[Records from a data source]
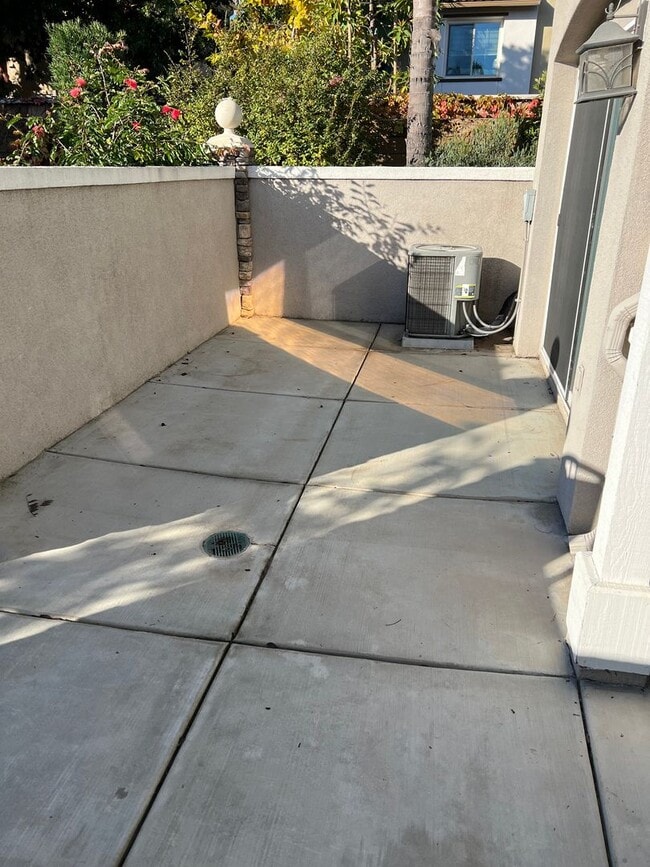 Photo - 3 bedroom 2-1/2 bath townhome close to beach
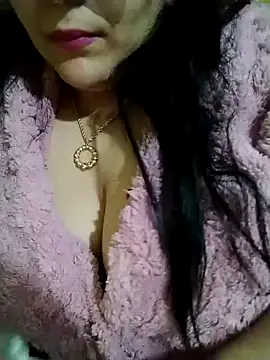 Snapshot of DALO3A85 chatting on February 22, 2025, 1:24 pm DALO3A85 online show from February 22, 2025, 1:24 pm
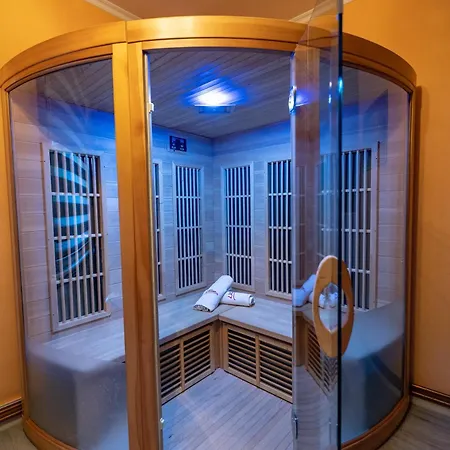 Garni Hotell 4*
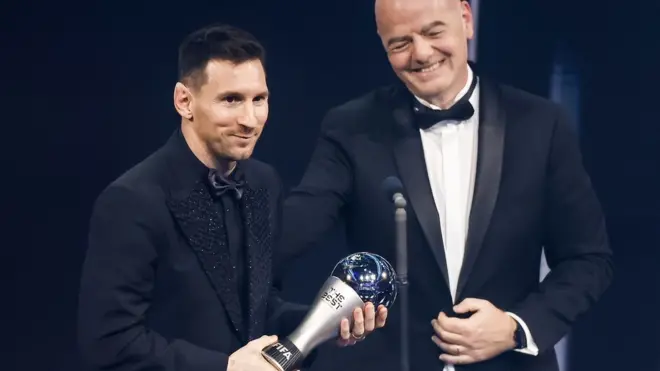 Lionel Messi yahawe aka gashimwe n'umukuru wa FIFA Gianni Infantino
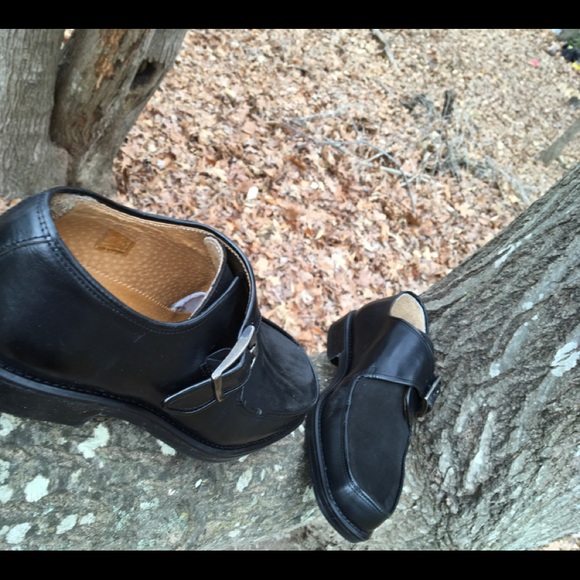 Exclusively De La Rentis  buckled genuine leather - Picture 6 of 8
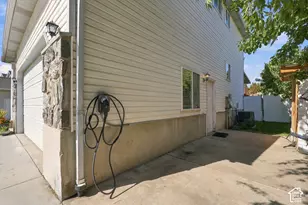 149 E Shadowbrook Ln, Kaysville, UT 84037 - Photo 28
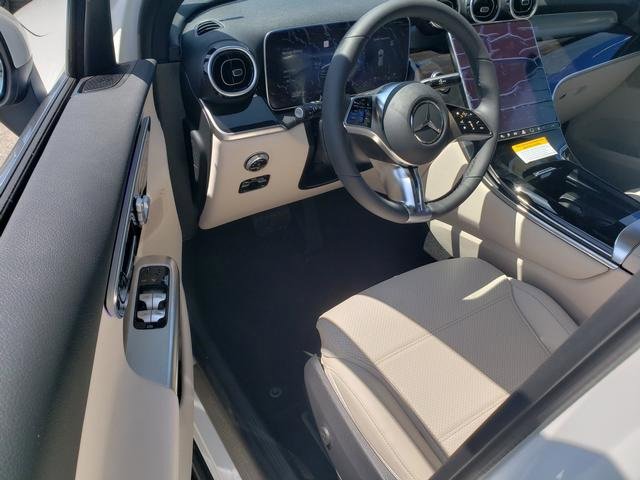 New 2025 Mercedes-Benz GLC 350e 4MATIC image 10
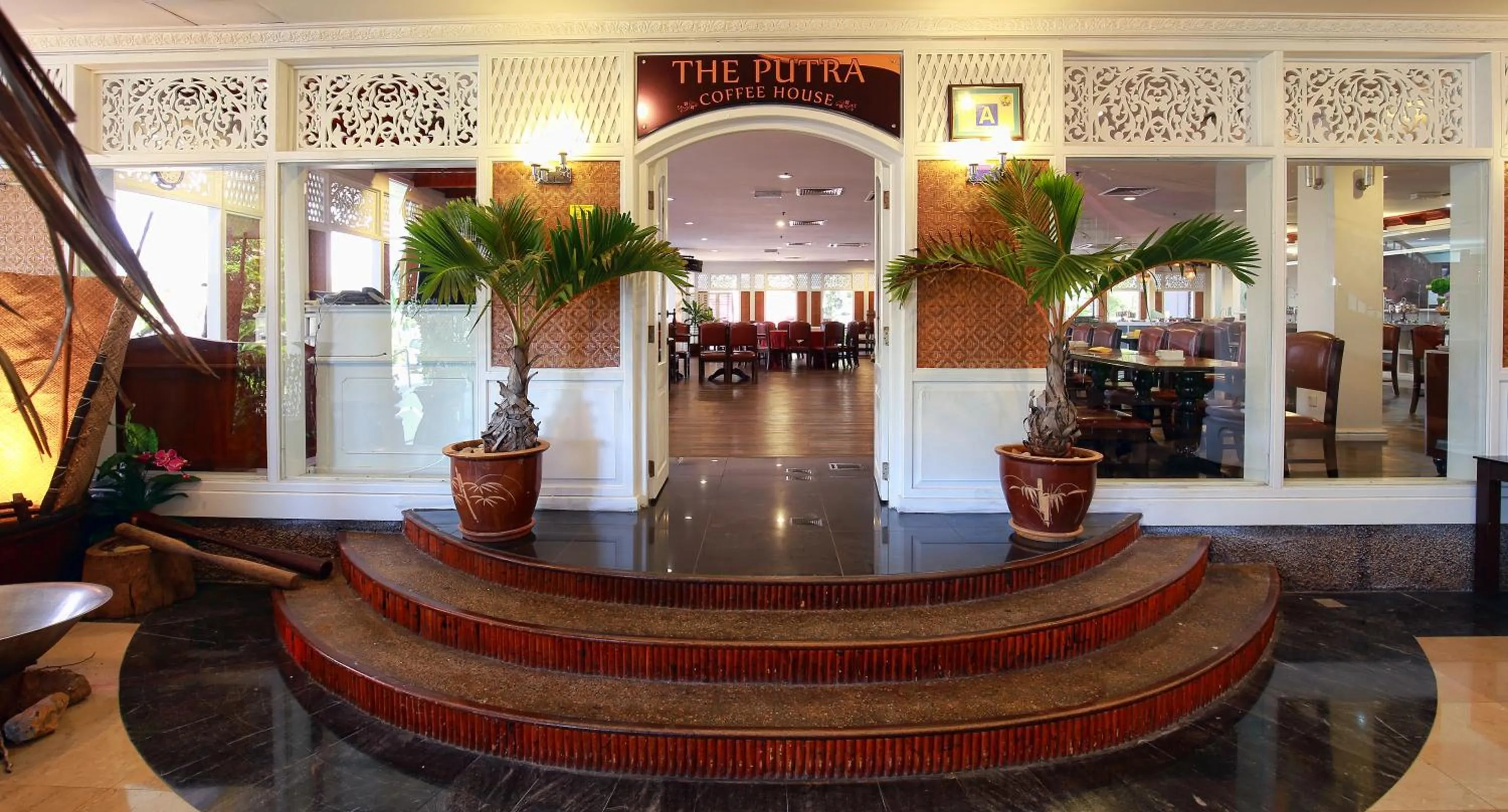 Restaurant/places to eat in The Putra Regency Hotel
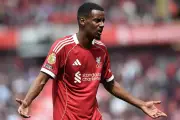 Abucheos en Anfield tras empate del Liverpool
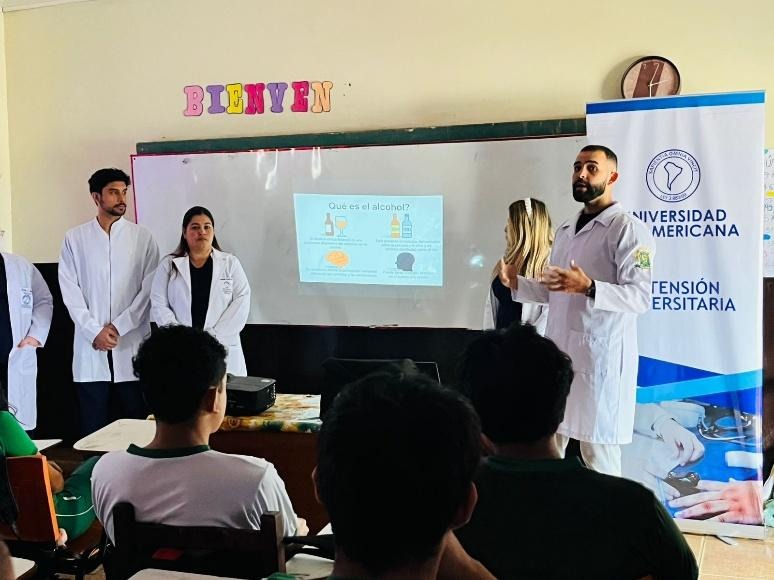 Estudiantes de Medicina fomentaron la prevención del consumo de alcohol en adolescentes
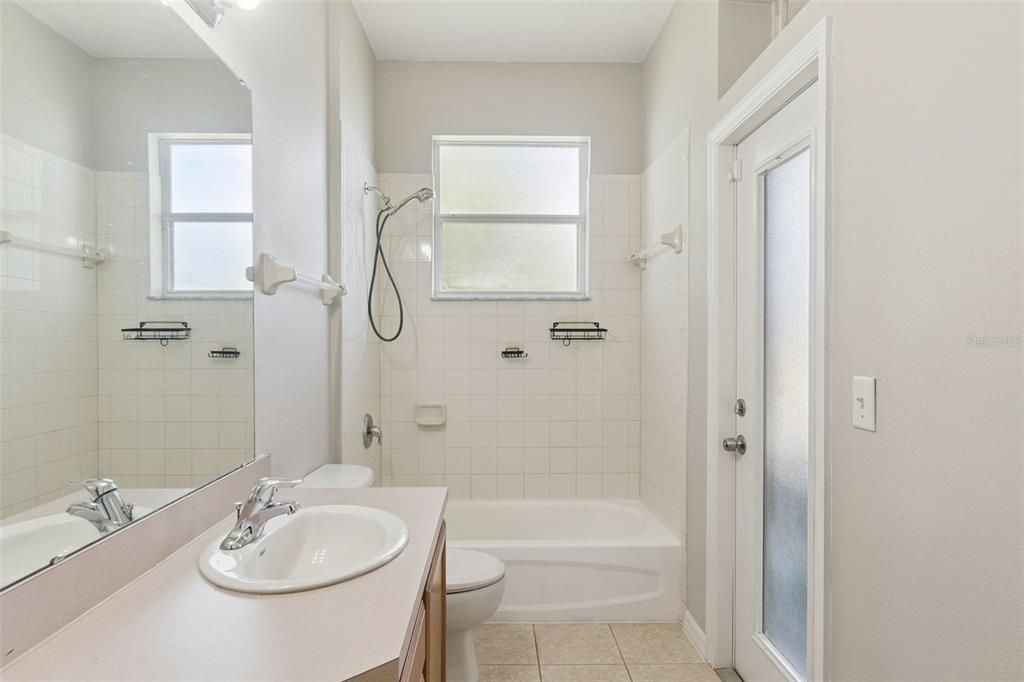 En Venta: $384,000 (4 camas, 3 baños, 2319 Pies cuadrados)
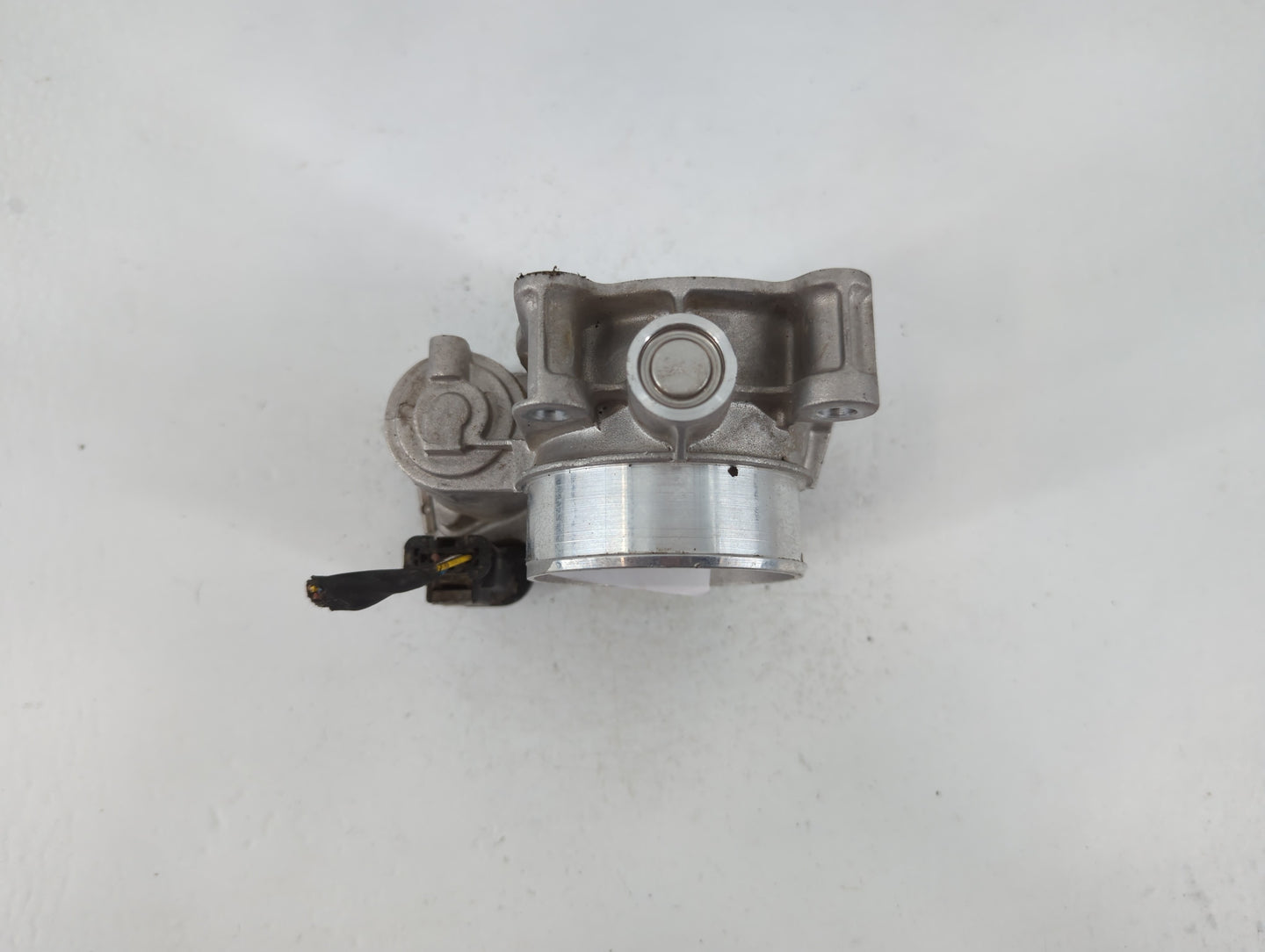 2016 Chevrolet Malibu Throttle Body P/N:12627217DA Fits Fits 2017 2018 2019 2020 2021 2022 OEM Used Auto Parts - Oemusedauto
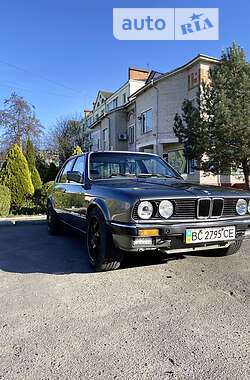 Седан BMW 3 Series 1986 в Ладыжине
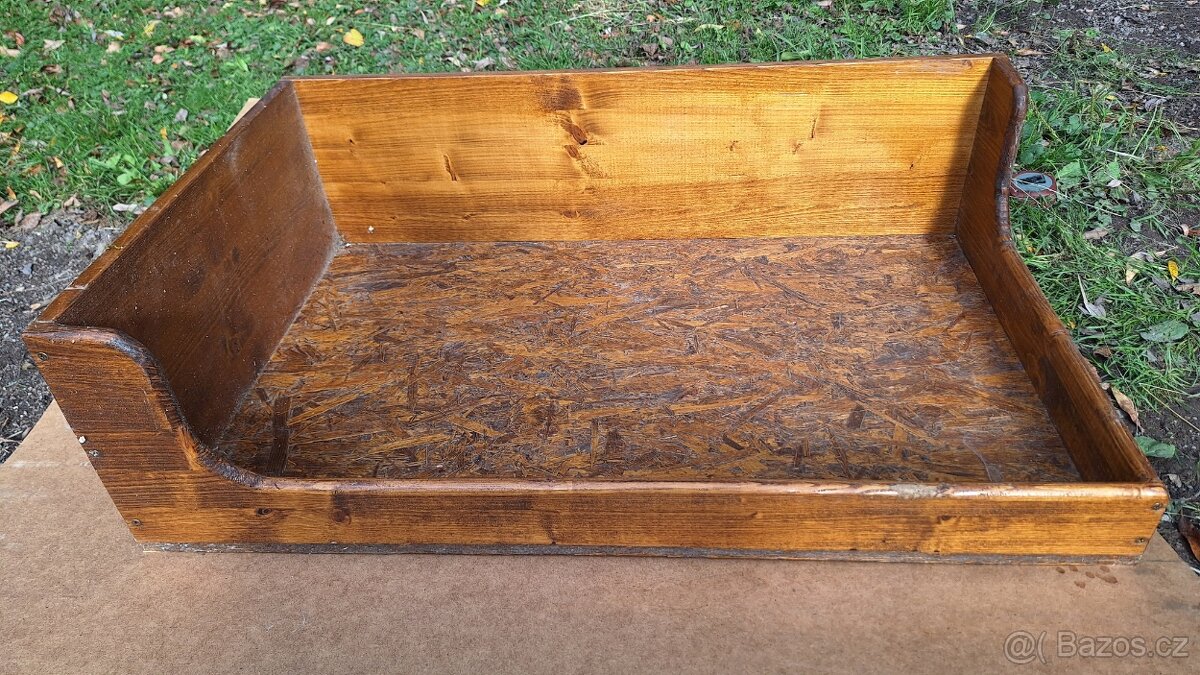 Bytelný psí pelech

WORK REQUIRED
The answer must be an exact copy of the records above, with the pictures left out.

EXERCISE RESULT
 Photo - 3 bedroom 2-1/2 bath townhome close to beach
 Snapshot of DALO3A85 chatting on February 22, 2025, 1:24 pm DALO3A85 online show from February 22, 2025, 1:24 pm
 Garni Hotell 4*
 Lionel Messi yahawe aka gashimwe n'umukuru wa FIFA Gianni Infantino
 Exclusively De La Rentis  buckled genuine leather - Picture 6 of 8
 149 E Shadowbrook Ln, Kaysville, UT 84037 - Photo 28
 New 2025 Mercedes-Benz GLC 350e 4MATIC image 10
 Restaurant/places to eat in The Putra Regency Hotel
 Abucheos en Anfield tras empate del Liverpool
 Estudiantes de Medicina fomentaron la prevención del consumo de alcohol en adolescentes
 En Venta: $384,000 (4 camas, 3 baños, 2319 Pies cuadrados)
 2016 Chevrolet Malibu Throttle Body P/N:12627217DA Fits Fits 2017 2018 2019 2020 2021 2022 OEM Used Auto Parts - Oemusedauto
 Седан BMW 3 Series 1986 в Ладыжине
 Bytelný psí pelech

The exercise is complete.